Material to process:
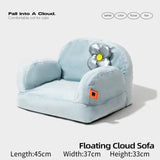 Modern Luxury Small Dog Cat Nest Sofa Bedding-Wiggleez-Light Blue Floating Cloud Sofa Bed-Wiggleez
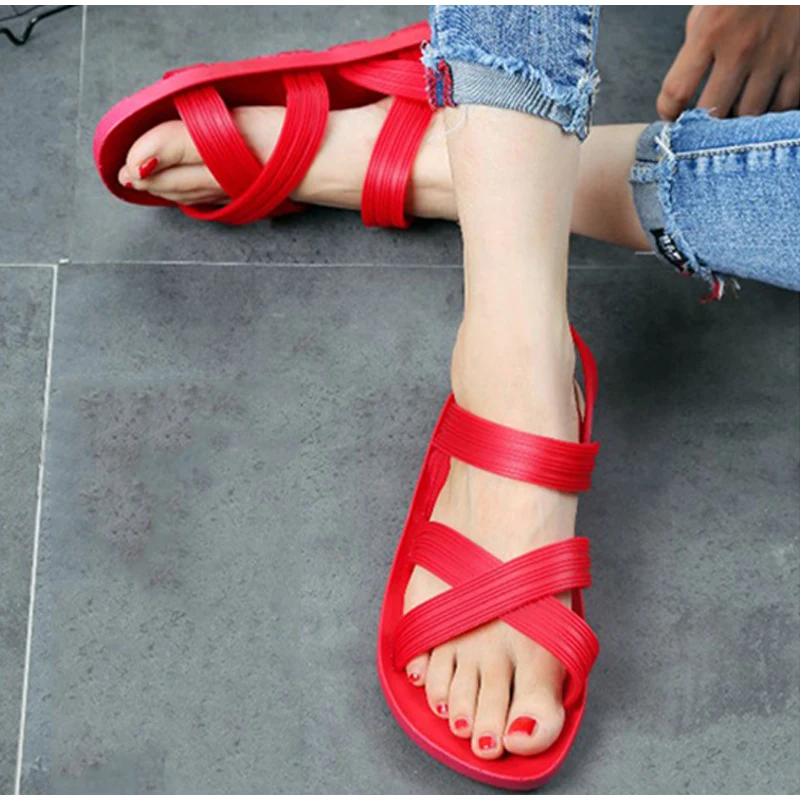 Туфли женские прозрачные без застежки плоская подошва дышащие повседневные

...

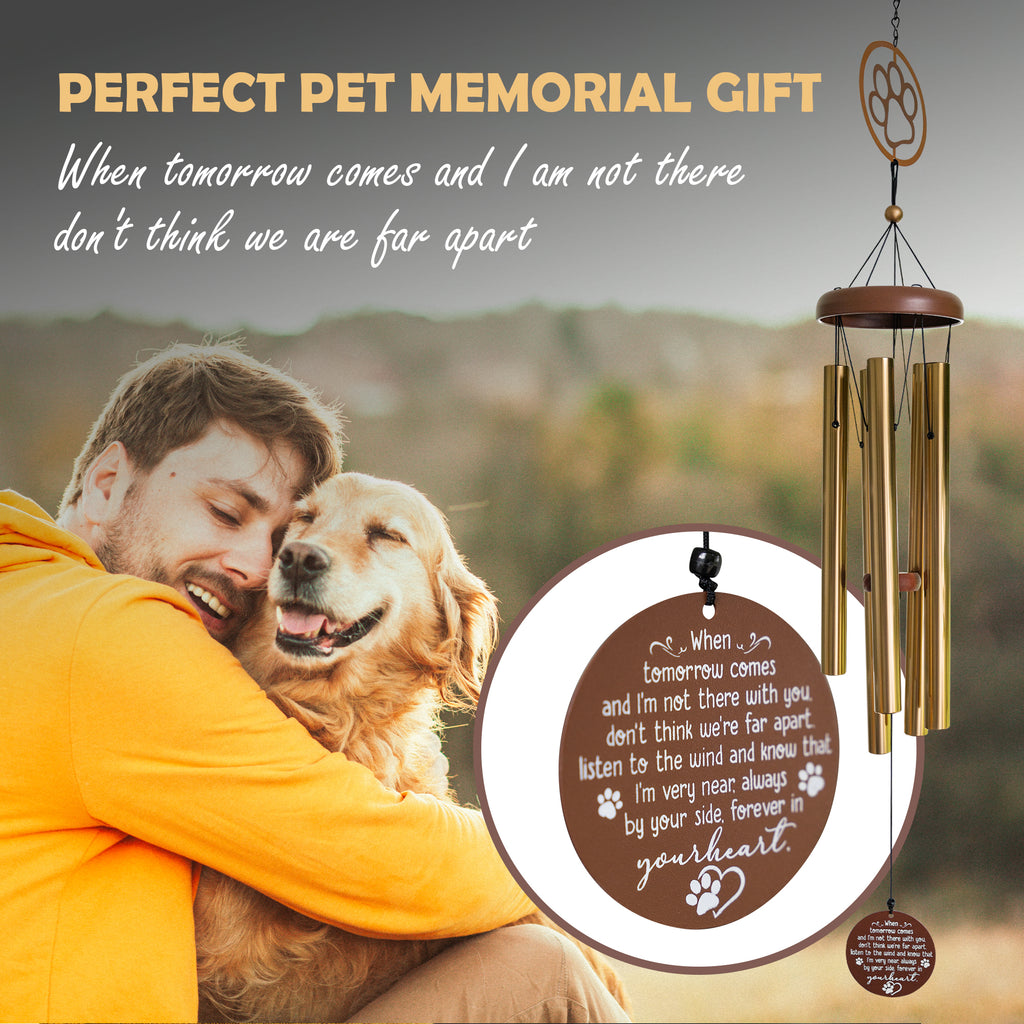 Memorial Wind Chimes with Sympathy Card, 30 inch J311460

Exercise prompt:
What are the lines in the records above, word for word, from the one containing "Modern Luxury Small" through the one containing "Туфли женские прозрачные", both ends included and pictures left out?

Response area:
 Modern Luxury Small Dog Cat Nest Sofa Bedding-Wiggleez-Light Blue Floating Cloud Sofa Bed-Wiggleez
 Туфли женские прозрачные без застежки плоская подошва дышащие повседневные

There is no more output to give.